On a physical level, interval-style workouts work head-to-toe magic. “Cardiovascular function improves, post-workout metabolism increases for an extended amount of time, muscle fibers build resiliency and quicker response, and you’ll experience increased endurance both aerobically and anaerobically. Simply put, interval training is an effective way to build your body’s tolerance to the demands of your goals—regardless of whether they’re distance, time, or overall fitness-based,” explains the runner.

Those bodily benefits may be enticing enough to convince you to sprint for the treadmill, but they’re really just scratching the surface. According to Wolfe, the brain benefits of the training modality may be even better. “I think there’s a giant—and very undervalued—psychological benefit to interval training as well,” she says. It takes mental fortitude to propel yourself into another hill repeat when you’d rather flop onto the couch and morn your aching glutes.  Interval training helps you get in the habit of breaking down that psychological wall.

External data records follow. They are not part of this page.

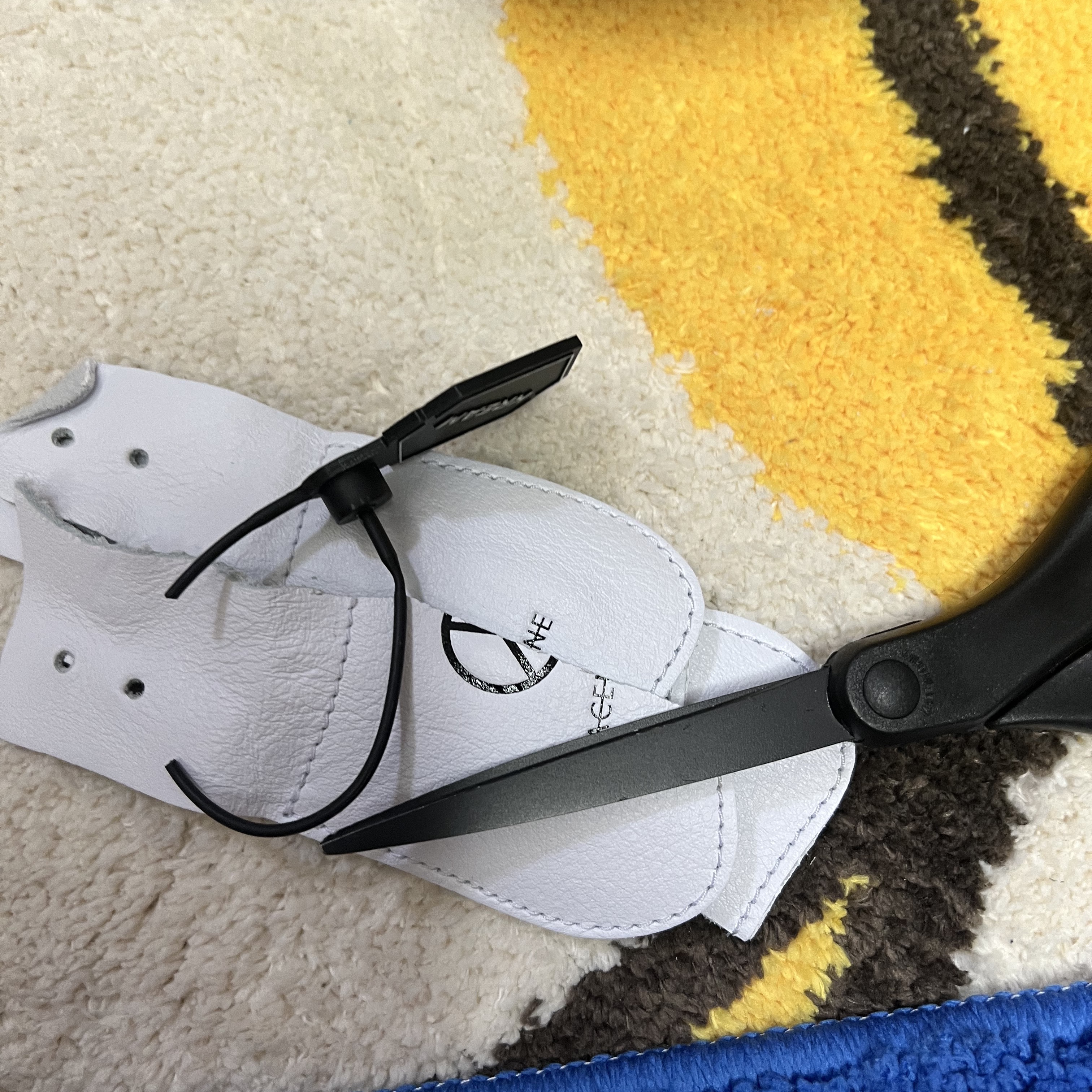 Nike x Peaceminusone Kwondo1 White 착용 스타일 - 2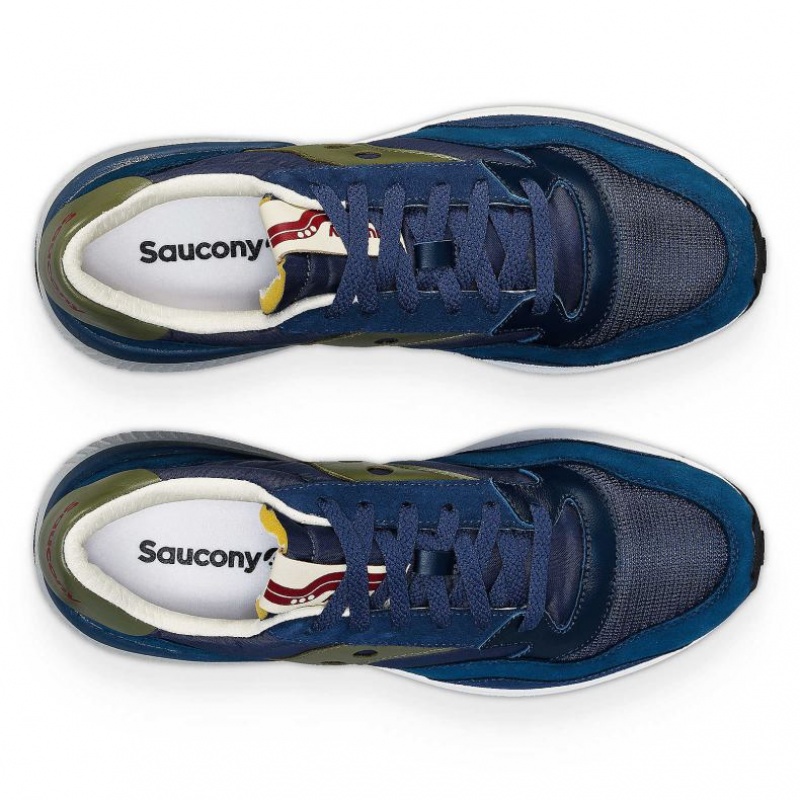 Saucony Jazz NXT Ženske Tenisice Tamnoplave Zelene | HRVATSKA OMUWQF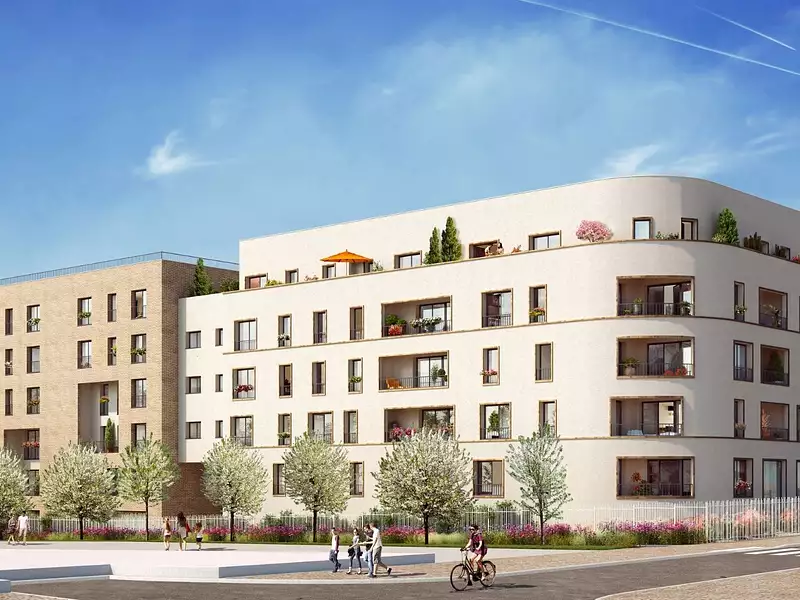 Canopée - Châtenay-Malabry (92290)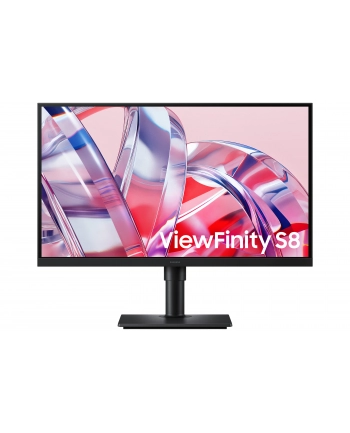 samsung Monitor Viewfinity S8 27 ''  LS27H804EAUXEN nr 2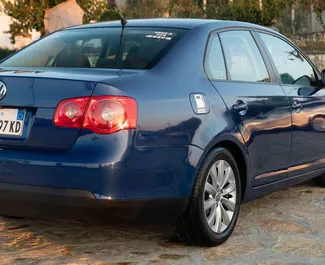 Alquiler de coches Volkswagen Jetta n.º 8210 Automático en Durres, equipado con motor de 1,9L ➤ De Slava en Albania.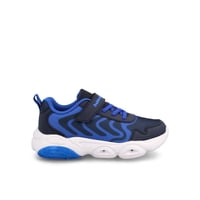 Bubblegummers - Zapatilla Niño Dakota Azul Azul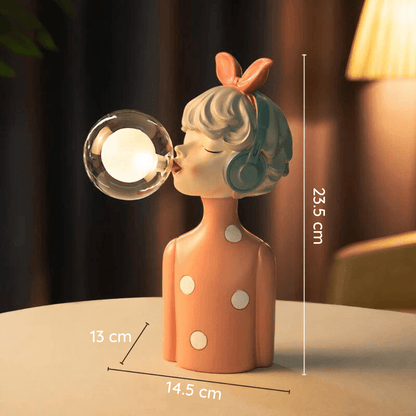Chic Home Table Lamp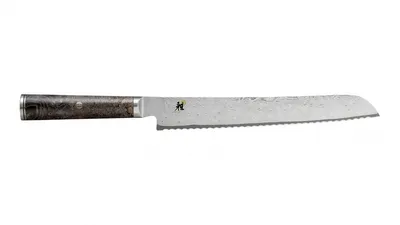 Produktbild von Miyabi Messer 5000MCD 67 Brotmesser 24cm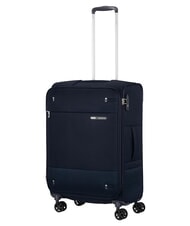 SAMSONITE BASE BOOST Carro mediano, extensible blu navy - Trolley Semirr&iacute;gidos - 5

“I like to approach interval training in any form—whether it’s intervals of speed or hills—with this mindset: use the challenge of tougher circumstances to your advantage. Be grateful for the speed that feels impossibly challenging in the moment, or for those hills that feel never-ending, because they’re the reason that your easier paces feel easy and  downhills and flat ground feel so good,” says the running coach. “Use each time you make it through an interval as an opportunity to throw yourself a little party and say ‘I crushed that!’ Then enjoy the benefits of the relief on the other side of the hard work!”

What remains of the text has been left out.